# EXERCISE GOAL
Once the pictures are set aside, print the records that follow exactly as written.

# SUPPLIED DATA
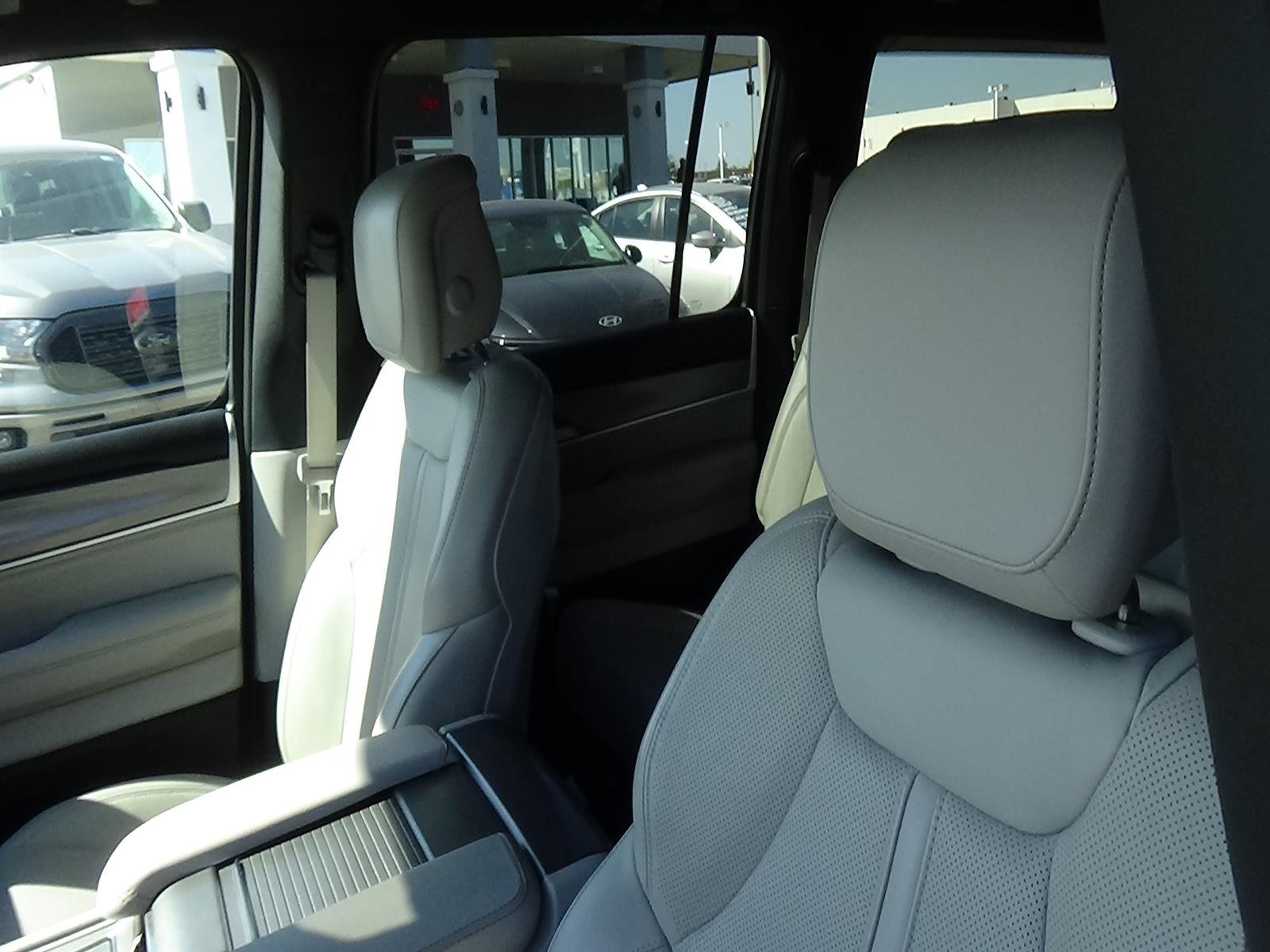 Used 2025 Diamond Black Crystal Pearl Coat (pxj) Jeep Base image 19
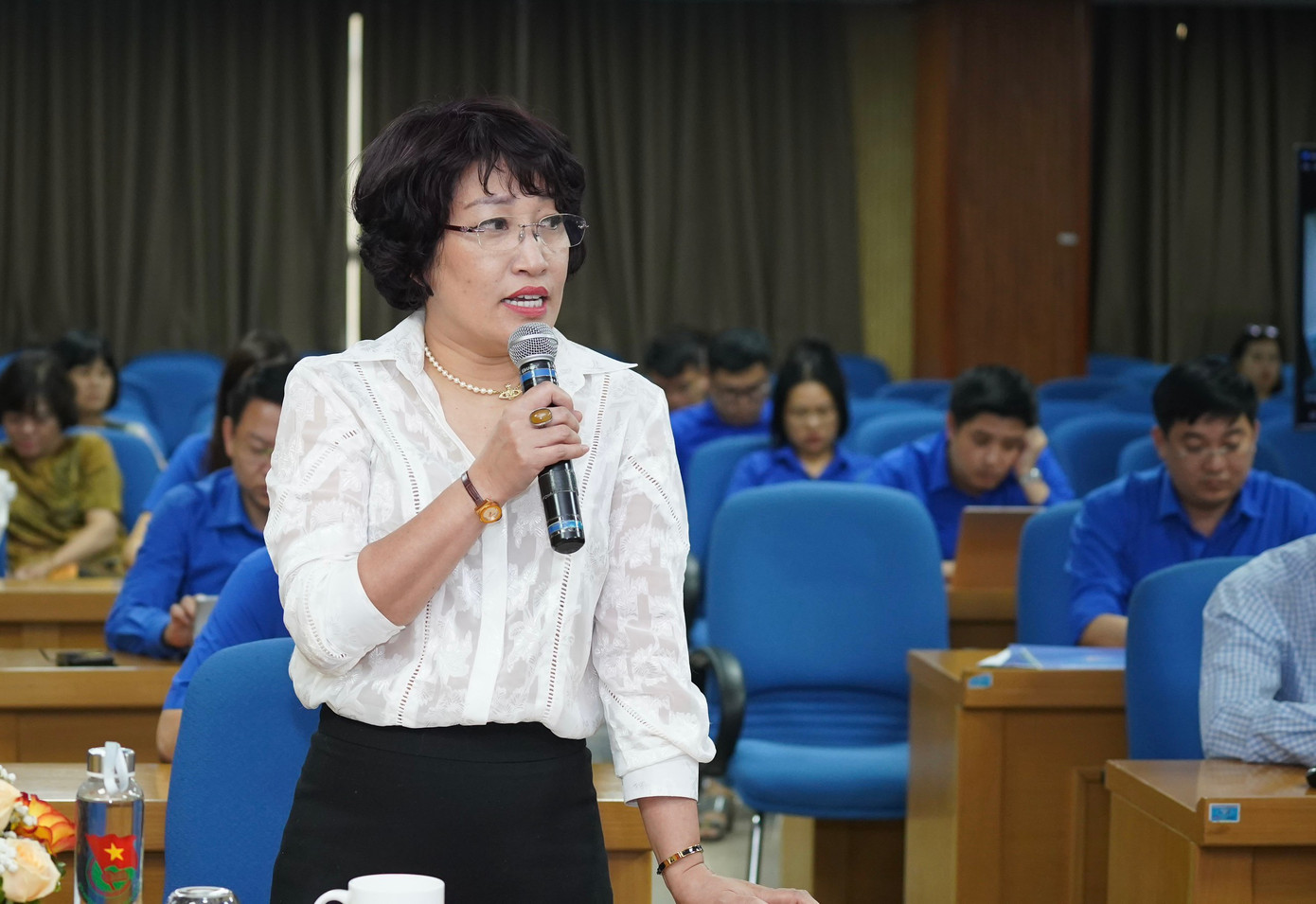 Chị Lê Hồng Hạnh, Chủ tịch Công đoàn cơ quan T.Ư Đoàn phát biểu tại hội nghị Chị Lê Hồng Hạnh, Chủ tịch Công đoàn cơ quan T.Ư Đoàn phát biểu tại hội nghị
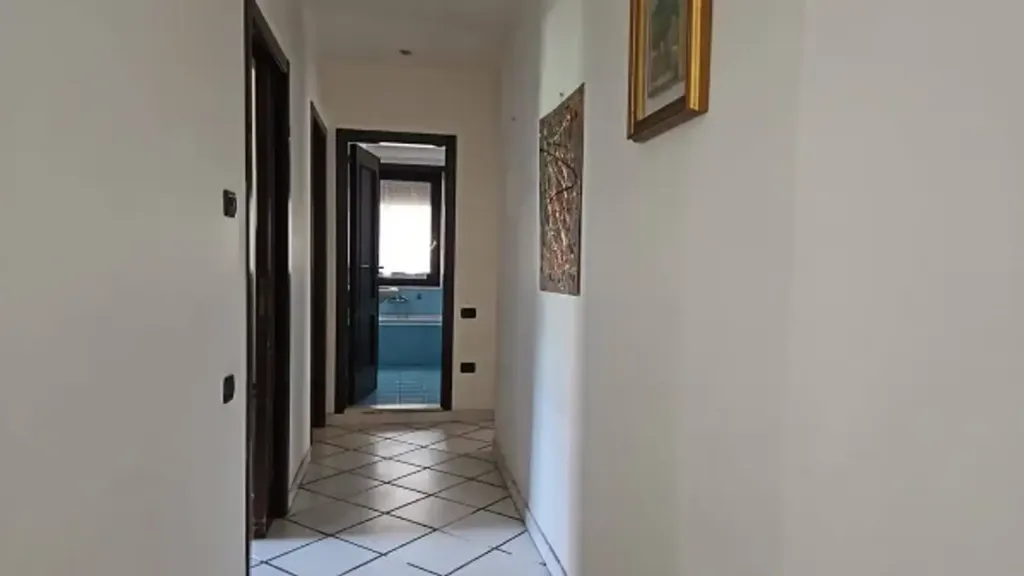 hallway_entrance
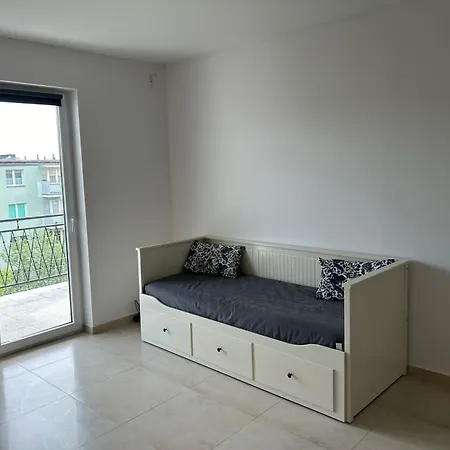 Pomorska 49b Dla 2-7 Os Z Tarasem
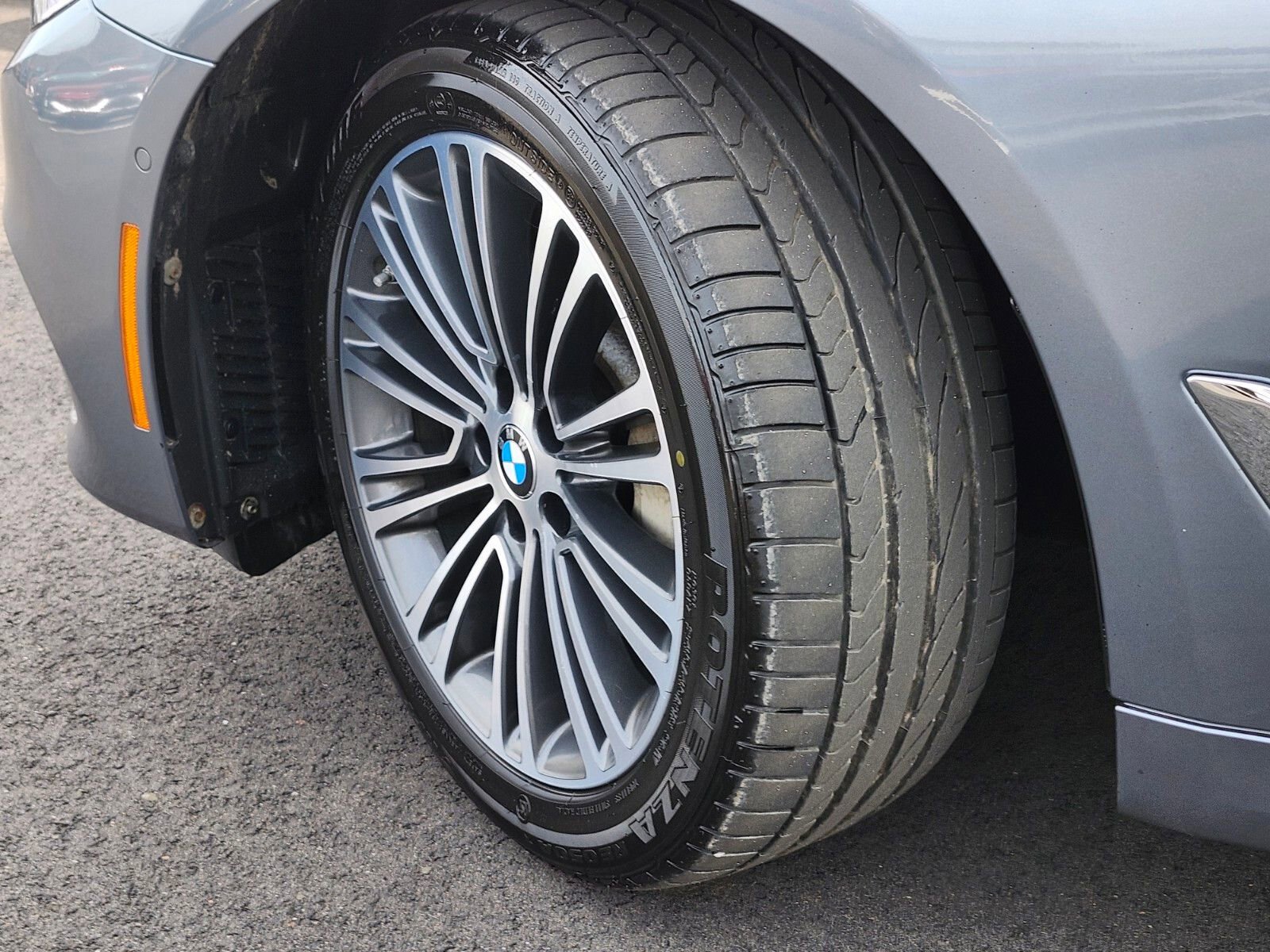 Used 2018 BMW 540i xDrive image 31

# OUTPUT FOR THIS EXERCISE
 Used 2025 Diamond Black Crystal Pearl Coat (pxj) Jeep Base image 19
 Chị Lê Hồng Hạnh, Chủ tịch Công đoàn cơ quan T.Ư Đoàn phát biểu tại hội nghị Chị Lê Hồng Hạnh, Chủ tịch Công đoàn cơ quan T.Ư Đoàn phát biểu tại hội nghị
 hallway_entrance
 Pomorska 49b Dla 2-7 Os Z Tarasem
 Used 2018 BMW 540i xDrive image 31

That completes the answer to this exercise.